Do all these passages indicate what is real? No. Do they then indicate what is typical? No, but what is either real or typical. But the first passages, excluding as they do reality, indicate that all this is only typical.
All these passages together cannot be applied to reality; all can be said to be typical; therefore they are not spoken of reality, but of the type.
Agnus occisus est ab origine mundi.[262] A sacrificing judge.
685
Contradictions.—The sceptre till the Messiah—without king or prince.
The eternal law—changed.
The eternal covenant—a new covenant.
Good laws—bad precepts. Ezekiel.
686
Types.—When the word of God, which is really true, is false literally, it is true spiritually. Sede a dextris meis:[263] this is false literally, therefore it is true spiritually.
In these expressions, God is spoken of after the manner of men; and this means nothing else but that the intention which men have in giving a seat at their right hand, God will have also. It is then an indication of the intention of God, not of His manner of carrying it out.
Thus when it is said, “God has received the odour of your incense, and will in recompense give you a rich land,” that is equivalent to saying that the same intention which a man would have, who, pleased with your perfumes, should in recompense give you a rich land, God will have towards you, because you have had the same intention as a man has towards him to whom he presents perfumes. So iratus est, a “jealous God,"[264] etc. For, the things of God being inexpressible, they cannot be spoken of otherwise, and the Church makes use of them even to-day: Quia confortavil seras,[265] etc.

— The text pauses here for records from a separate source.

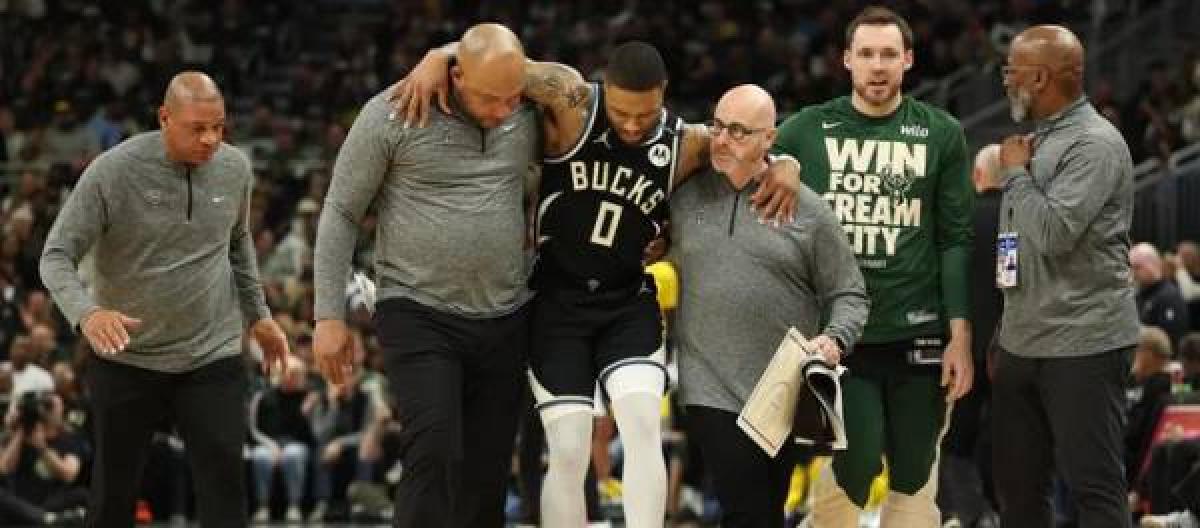 Damian Lillard torn left Achilles tendon, season overdue Damian Lillard torn left Achilles tendon, season overdue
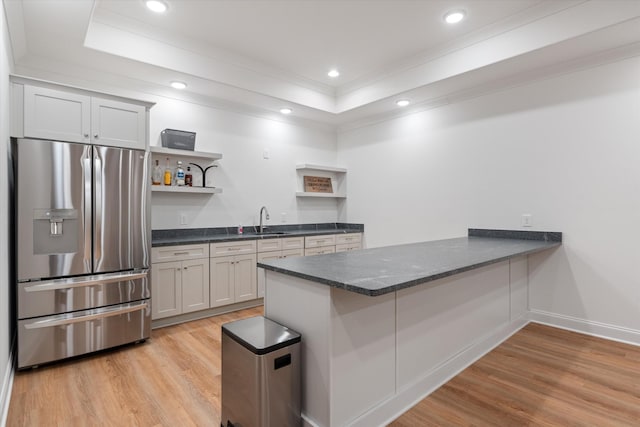 1428 Boardwalk Pl, Gallatin, TN 37066 - kitchen featuring a tray ceiling, light wood-style flooring, stainless steel refrigerator with ice dispenser, and open shelves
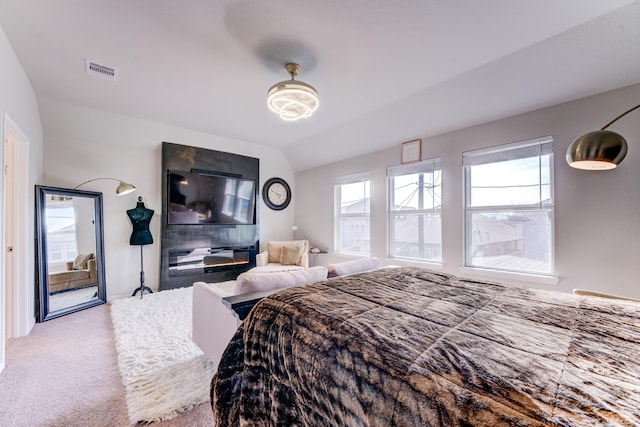 529 N 6th St, La Porte, TX 77571 - bedroom featuring visible vents, carpet flooring, and vaulted ceiling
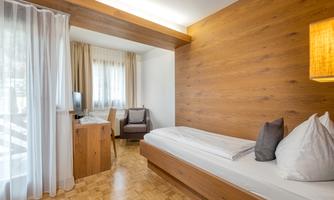A simple and modern single room with wooden details. There is a bed, an armchair, and a small table.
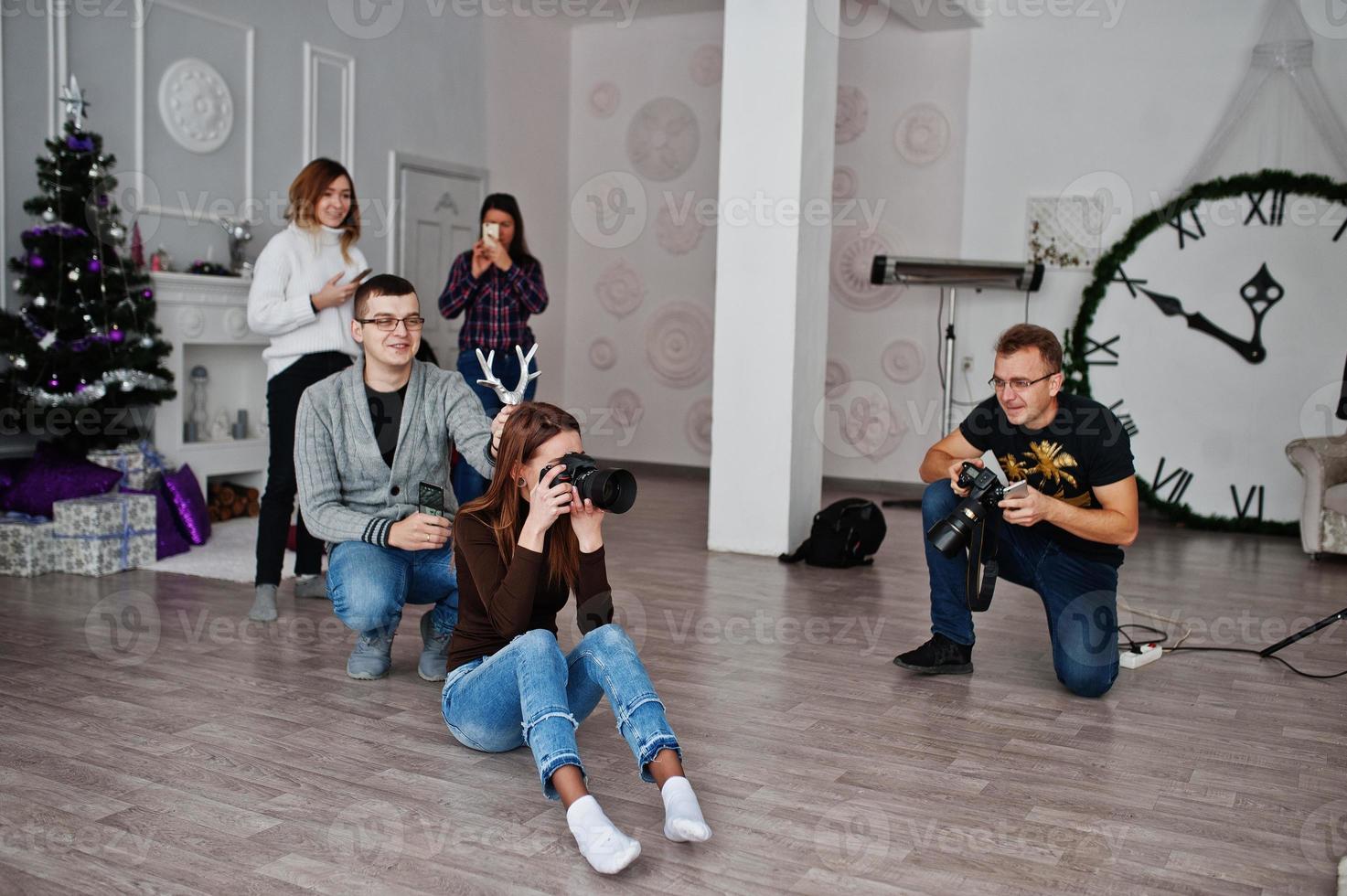 a equipe de dois fotógrafos fotografando em estúdio atrás de outros três trabalhadores. fotógrafo profissional no trabalho. um deles brincando e segura chifres na cabeça. foto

It is not allowable to attribute to Scripture the meaning which is not revealed to us that it has. Thus, to say that the closed mem[266] of Isaiah signifies six hundred, has not been revealed. It might be said that the final tsade and he deficientes may signify mysteries. But it is not allowable to say so, and still less to say this is the way of the philosopher’s stone. But we say that the literal meaning is not the true meaning, because the prophets have themselves said so.
687
I do not say that the mem is mystical.
688
Moses (Deut. xxx) promises that God will circumcise their heart to render them capable of loving Him.
689
One saying of David, or of Moses, as for instance that “God will circumcise the heart,” enables us to judge of their spirit. If all their other expressions were ambiguous, and left us in doubt whether they were philosophers or Christians, one saying of this kind would in fact determine all the rest, as one sentence of Epictetus decides the meaning of all the rest to be the opposite. So far ambiguity exists, but not afterwards.